▶ _RECORDS_:
*****

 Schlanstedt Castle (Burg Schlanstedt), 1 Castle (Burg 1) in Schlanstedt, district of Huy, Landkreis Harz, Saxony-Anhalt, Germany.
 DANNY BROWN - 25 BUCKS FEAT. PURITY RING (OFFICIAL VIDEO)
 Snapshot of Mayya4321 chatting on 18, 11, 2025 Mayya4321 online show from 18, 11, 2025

*****

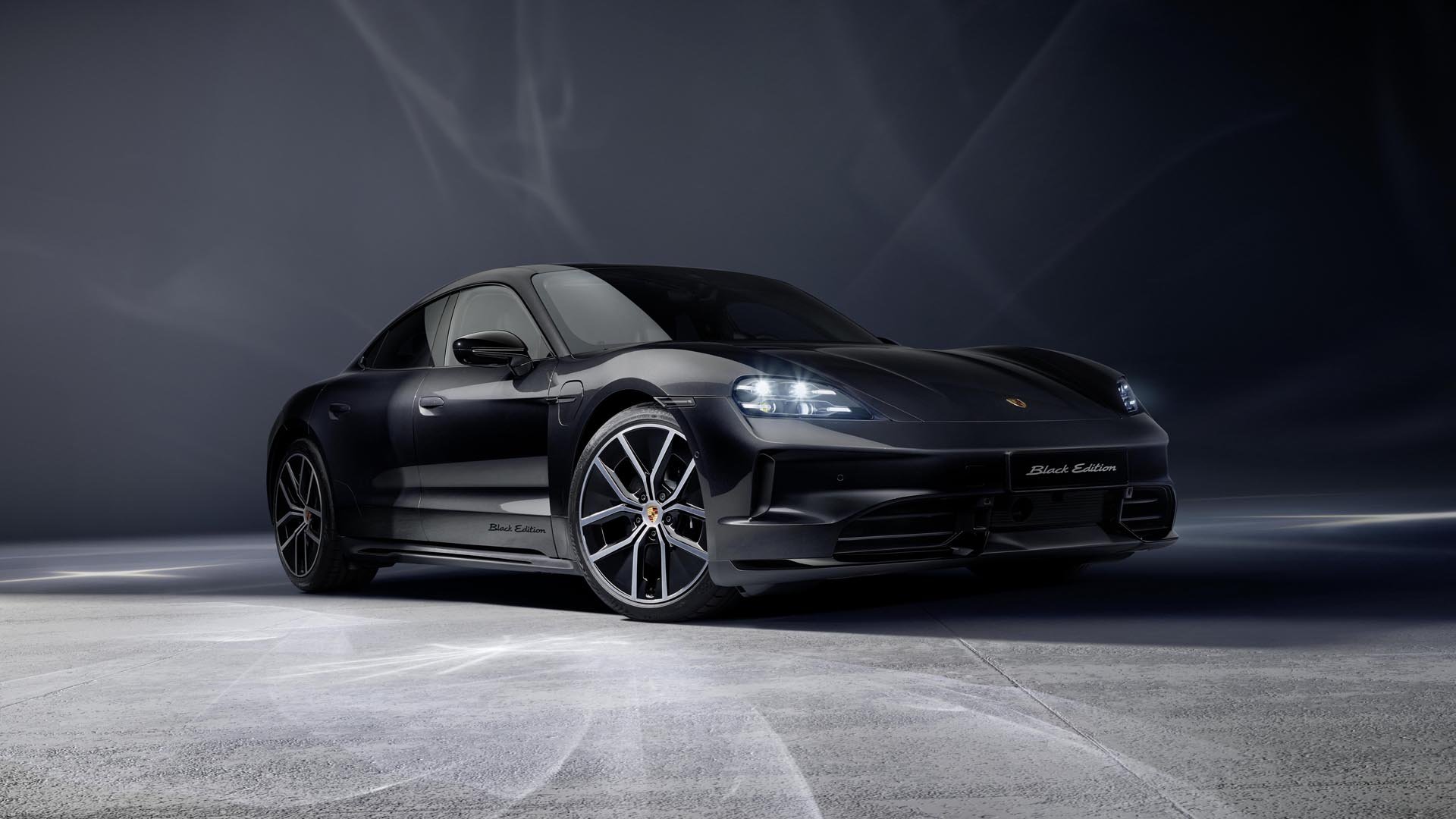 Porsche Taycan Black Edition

*****

▶ _EXERCISE REQUIREMENTS_: The reply should hold only the lines of the listing above starting at the line containing "Schlanstedt Castle (Burg" and ending at the line containing "Snapshot of Mayya4321", exactly as written.

▶ _RESULT FOR THIS TASK_:
 Schlanstedt Castle (Burg Schlanstedt), 1 Castle (Burg 1) in Schlanstedt, district of Huy, Landkreis Harz, Saxony-Anhalt, Germany.
 DANNY BROWN - 25 BUCKS FEAT. PURITY RING (OFFICIAL VIDEO)
 Snapshot of Mayya4321 chatting on 18, 11, 2025 Mayya4321 online show from 18, 11, 2025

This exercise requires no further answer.